Multiplication des outils de participation citoyenne : quelle place pour le citoyen ?

[EXTRAIT – BORDEAUX EST AVENIR]

L’intérêt de faire participer les citoyens à l’action publique fait consensus. Ce n’est plus seulement une obligation légale, c’est une obligation politique, morale, pragmatique. Bordeaux est le théâtre de dizaines de réunions quotidiennes dans lesquelles le tout-venant peut donner un avis, exprimer un point de vue. La Toile a décuplé la visibilité de ces rendez-vous démocratiques permettant à chacun d’être un sachant et un activiste.
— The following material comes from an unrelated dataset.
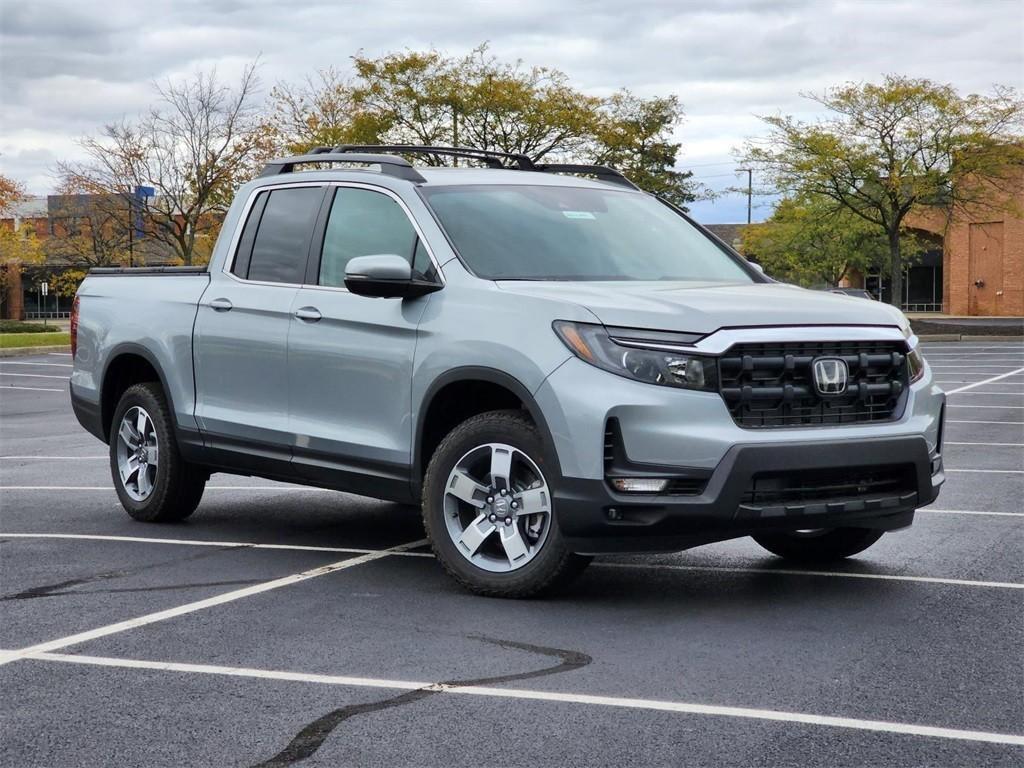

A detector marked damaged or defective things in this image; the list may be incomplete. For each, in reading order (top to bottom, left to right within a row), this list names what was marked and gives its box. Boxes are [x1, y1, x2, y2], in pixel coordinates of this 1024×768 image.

Les courriers distribués dans chaque boîte aux lettres se sont multipliés à un rythme soutenu. Le citoyen qui souhaite s’informer et donner un avis le peut aujourd’hui, très objectivement. En outre, les informations transmises, les rendez-vous donnés le sont autant pour des questions de proximité au cœur des quartiers : stationnement, constructions, circulation, déchets…, que pour des enjeux plus thématiques en fonction des publics : lettres aux seniors, aux jeunes, aux nouveaux habitants… en fonction d’activités, voire de passions communes. Il existe pléthore de conseils sur les préoccupations de la population : handicap, santé, éducation, laïcité… Lesquels génèrent chacun multitude de conférences et autres tables rondes ouvertes aux citoyens. Les conseils de quartier, déclinaison souple des Conseils municipaux, qui n’apparaissaient plus tout à fait satisfaire aux besoins des citoyens, ont été complétés par d’autres formules.
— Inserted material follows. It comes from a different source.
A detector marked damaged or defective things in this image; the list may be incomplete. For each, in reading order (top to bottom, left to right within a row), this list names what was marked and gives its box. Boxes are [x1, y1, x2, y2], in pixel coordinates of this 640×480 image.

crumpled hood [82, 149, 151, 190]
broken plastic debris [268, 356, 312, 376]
Ainsi, chacun de nos quartiers est donc représenté par une commission permanente composée entre autres de personnes tirées au sort. Le tirage au sort, présenté ici et là comme la solution pour moderniser la démocratie, est donc déjà utilisé à Bordeaux. Ce procédé a permis d’élargir le socle de la représentativité sans pour autant résoudre la question de l’assiduité. Le tirage au sort n’est pas une solution miracle : procédé encore peu connu et faiblement reconnu, les tirés au sort n’acceptent pas toujours la proposition qui leur est faite. La formation des tirés au sort, comme d’ailleurs des membres cooptés pour les commissions permanentes, est cruciale.
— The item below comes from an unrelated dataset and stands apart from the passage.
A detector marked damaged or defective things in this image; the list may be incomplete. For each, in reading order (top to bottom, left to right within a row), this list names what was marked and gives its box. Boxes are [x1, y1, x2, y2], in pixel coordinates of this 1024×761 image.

Globalement, l’adhésion étant quasiment toujours silencieuse, la participation citoyenne relève aujourd’hui très souvent de la seule sphère du mécontentement. La Toile a accéléré cette dynamique. Nous sommes même très nombreux à être régulièrement sollicités pour pétitionner : la pétition comme mode de participation, voilà bien un idéal qui en dit long sur notre désarroi. Le citoyen qui ne se déplacerait plus que pour contester un projet, souvent à visée collective, qui mettrait à mal sa paisibilité, son confort, est un phénomène qui gagne du terrain. Il devient fréquent que des citoyens envahissent une réunion publique le temps du traitement de la question qui les a mis en mouvement, puis quittent bruyamment cette même salle, n’écoutant aucun autre des points à l’ordre du jour de la réunion qu’ils ont envahie. Les mécontents peuvent désormais le signifier d’un clic, ce qui leur permet en une fraction de seconde de conduire une triple action : protester, contribuer à la création d’un groupe de protestation quasiment sans échanges et enfin ne pas forcément s’exposer à entendre les réponses de ceux qui conduisent l’action dont ils contestent l’intérêt, voire qu’ils considèrent menaçants.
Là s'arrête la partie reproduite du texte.